China Life has reportedly become the first Chinese insurer to be granted a license to raise a private equity fund, making another regulatory breakthrough for China’s private equity industry.
The Chinese company has formed a team of 20 to 30 people to identify investment opportunities and is close to its first deal, according to Chinese business newspaper 21st Century Business Herald. The target size of the fund and its investment strategy could not be determined at press time.
China Life declined to comment, while the China Insurance Regulatory Commission (CIRC) could not be reached for comment.
Last August, the CIRC introduced a temporary measure allowing China-registered insurance companies to invest no higher than 5 percent of their latest quarter’s total assets either directly or indirectly into domestic private equity.

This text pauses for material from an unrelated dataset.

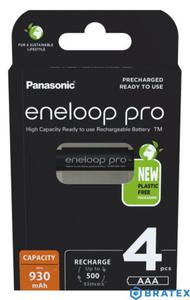 4x panasonic eneloop PRO AAA 930mAh new blister - 2870460887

This was a move seen by industry insiders a milestone in the development and institutionalisation of the country’s private equity industry.
For domestic fund managers, the most obvious plus was the creation of another rich vein of capital to potentially tap into on the fundraising trail. With substantial assets under management and long investment horizons, insurance companies were expected as a good addition to China’s limited LP base, which largely consists of high net worth individuals and government-related bodies.
It's unclear, however, how much existing fund managers will benefit should insurers opt instead to anchor and raise third party funds themselves.
China Life might not be the only insurer to have such aspirations, according to one Hong Kong-based fund of funds manger. He said that most private equity-bound insurance capital thus far has gone towards direct deals. He added, however, that that was still good for the industry, given the insurers' longer term investment horizons.